FESTIVAL REVIEW: New Orleans Jazz & Heritage Festival – April 27-29
Thu, May 03, 2007 11:37 am
New Orleans is the kind of place where you can hear quality jazz and eat fresh oysters in the airport. It’s America’s jazz city.
New Orleans is also, due to Hurricane Katrina, America’s most depressed city. But that hasn’t stopped it from hosting the sprawling 38-year-old Jazz & Heritage Festival (a.k.a. Jazzfest). Despite abandoned houses and stores virtually everywhere (except for perhaps in the French Quarter, the tourist zone that was relatively spared by the storm), the show continues to go on.
A drive to the Racetrack Fair Grounds where the festival takes place in the Gentilly neighborhood reminds out-of-towners that New Orleans is in dire need of assistance. During a press conference at the festival, which commenced on Friday, April 27, Lt. Gov. Mitch Landrieu called for a Marshall Plan to rebuild New Orleans and termed the current effort “dysfunctional.”
Still, more than 300,000 music aficionados jammed into the Fair Grounds for the first of Jazzfest’s two weekends. Though its multi-stage approach has been copied by other festivals such as Bonnaroo and Austin City Limits, Jazzfest remains America’s greatest music festival. Founder Quint Davis humbly noted this at his press interview, observing that, “we don’t have funnel cake” like at other fests. Beignets yes, funnel cake no.

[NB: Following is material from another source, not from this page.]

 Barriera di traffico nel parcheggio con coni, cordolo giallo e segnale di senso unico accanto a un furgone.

His point is well taken. In addition to 11 stages featuring the best of Louisiana’s jazz, blues, rock, Cajun, zydeco and gospel music, Jazzfest is a culinary treat with Creole dishes (no hot dogs, burgers or pizza) sating people’s appetites. Craft booths, Native American pow-wows and kids’ activities add to the novel setting.

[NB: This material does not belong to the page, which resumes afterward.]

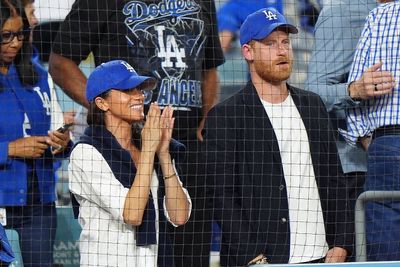 Harry and Meghan cheer on the Los Angeles Dodgers from front row seats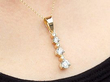 Close up 6 Stone Diamond Drop Pendant in Gold Worn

"I'm tired of hearing Austin and Nashville are the music capitols of America," Lt. Gov. Landrieu stated. "New Orleans is. The sense of place here is very strong. This is our home. We're not going anywhere."
However, when Katrina hit in 2005, half of the city's population dispersed and they have yet to come back in significant numbers, mostly due to the shortage of housing and city services. Commenting on the lack of African Americans in attendance at Jazzfest (besides the many African-American performers), singer Irma Thomas delicately stated: "People that would put some black pepper in that salt are just not here."

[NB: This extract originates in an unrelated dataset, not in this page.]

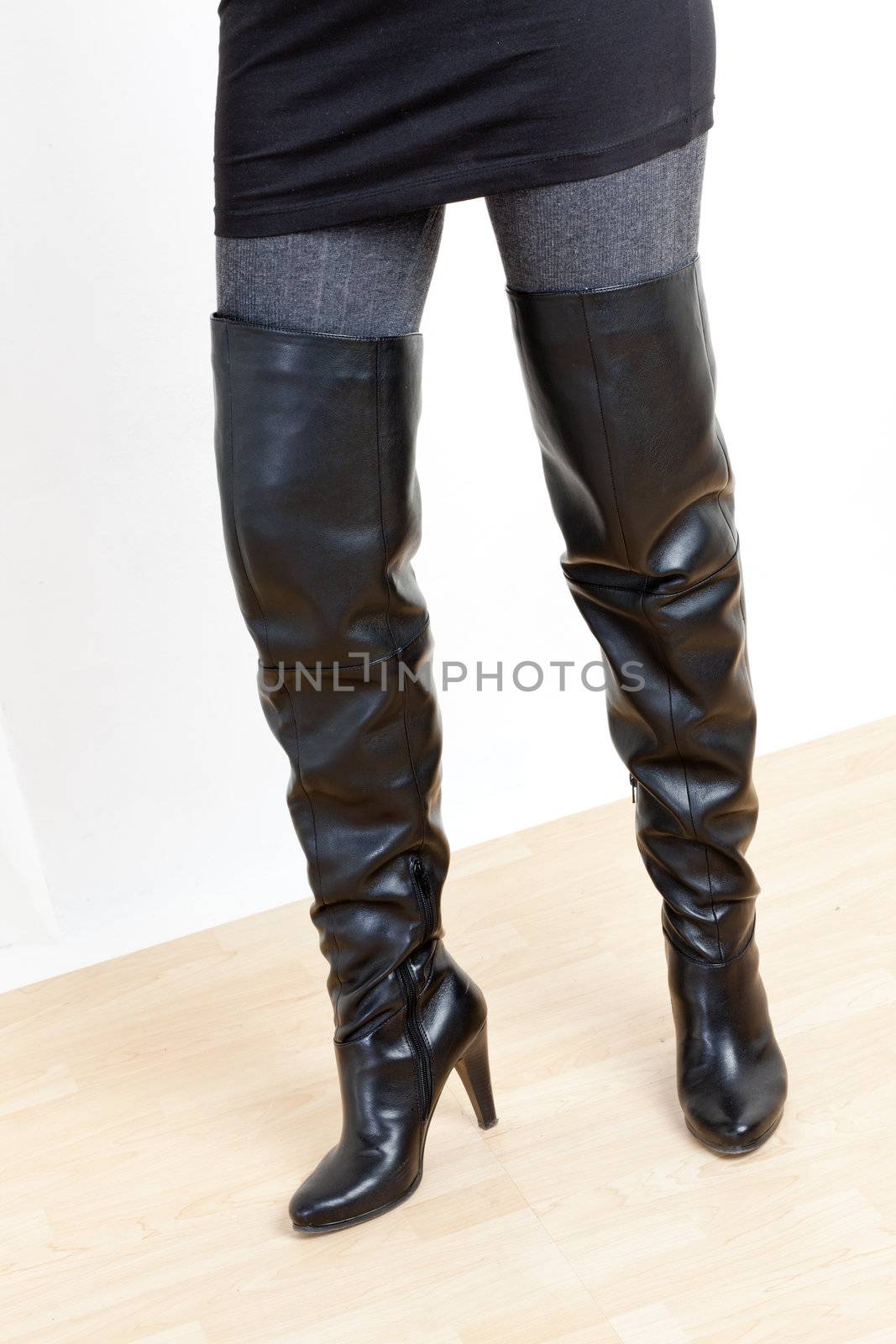 detail of standing woman wearing fashionable black boots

Thomas was among the more than 1,000 musicians and nearly 300 bands that performed on the opening weekend, which saw blue skies and 85-degree weather, requiring fans to load up on sunscreen and make sure they wore wide-brimmed hats. Jazzfesters are an unusual lot. They refer to the musicians by their first names (Fats, Irma, Snooks), wear odd outfits, and carry around Mardi Gras poles and flags. And they love to dance – from country-style two-steps to wild, unabashed shimmying.
For many, Jazzfest is an ecstatic experience bordering on the religious. Headliners like Van Morrison, Bonnie Raitt, Ludacris, Norah Jones and Brad Paisley may draw the biggest crowds, but it’s the local acts – the brass bands and Mardi Indians, Cajun fiddlers and zydeco stompers, blues and jazz legends – that truly inspire.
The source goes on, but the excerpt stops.